24 November 2014

Mile High Times Have Changed

You know that you have won the cultural battle, if not the entire war on drugs, when a blog promoted by the Denver Post, the leading daily newspaper in Colorado, is offering a video recipe at its website, on how to make marijuana infused pumpkin pie for Thanksgiving.

Some of the families enjoying their Thanksgiving dinners will be same sex couples married this fall, for the first time it has been legally possible to do so, under Colorado law.  Numerous leading politicians in recent Colorado history, including one of our seven sitting Congressmen, are openly gay.
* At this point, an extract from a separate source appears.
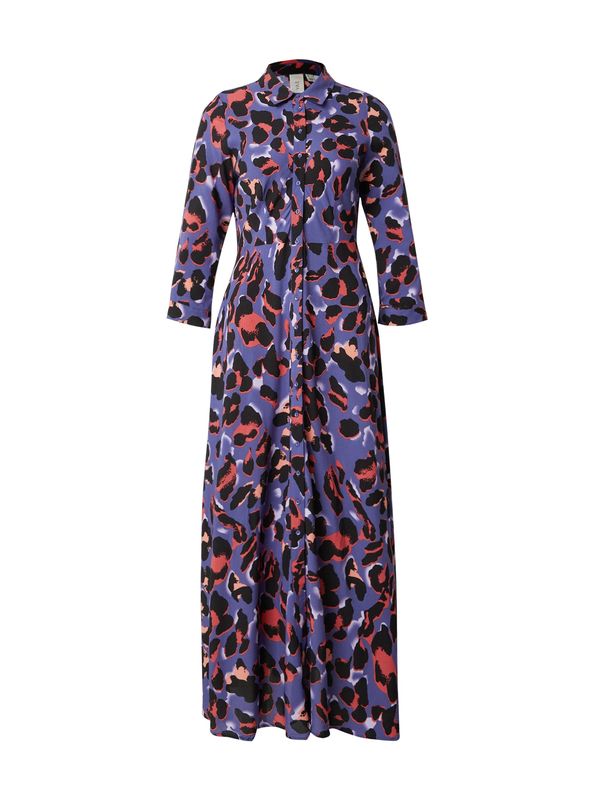 YAS YAS Dolga srajca 'YASSAVANNA'  kraljevo modra / svetlo rdeča / črna / bela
Neither gay rights nor marijuana legalization turned out to be important issues in the 2014 election in the end, and Coloradans once again overwhelmingly defeated an anti-abortion ballot issue, just as it had several times in past elections, despite the fact that they voted a U.S. Senate candidate who had strongly supported similar measures in the past.
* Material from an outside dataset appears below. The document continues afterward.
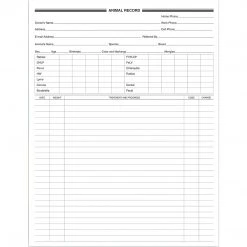 Medical Arts Press® Expanded Animal Patient Record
Yet, despite these liberal social issues stances that would have been unthinkable when I graduated from high school, it is also worth noting that Colorado, overall, is not a particularly liberal state in terms of partisan politics.  Instead, Colorado is the quintessential purple state right now.

Colorado was the swing state in the 2012 Presidential election that put President Obama in office by a narrow margin.

This year, Colorado simultaneously elected Republicans to statewide office as U.S. Senator, Secretary of State, State Treasurer and Colorado Attorney General, and gave Republicans narrow control of the state senate and state congressional delegation, while re-electing a popular Democratic governor and giving Democrats narrow control of the state house.  Six statewide partisan election measurements went to the GOP, while two went to the Democrats.

All were reasonably close.  Fewer than 900 votes in one Adams County State Senate District decided control of the State Senate in an election where roughly 2,000,000 votes were cast statewide.  With the higher turnout of a Presidential election year, some of those eight statewide partisan tests might have gone the other way.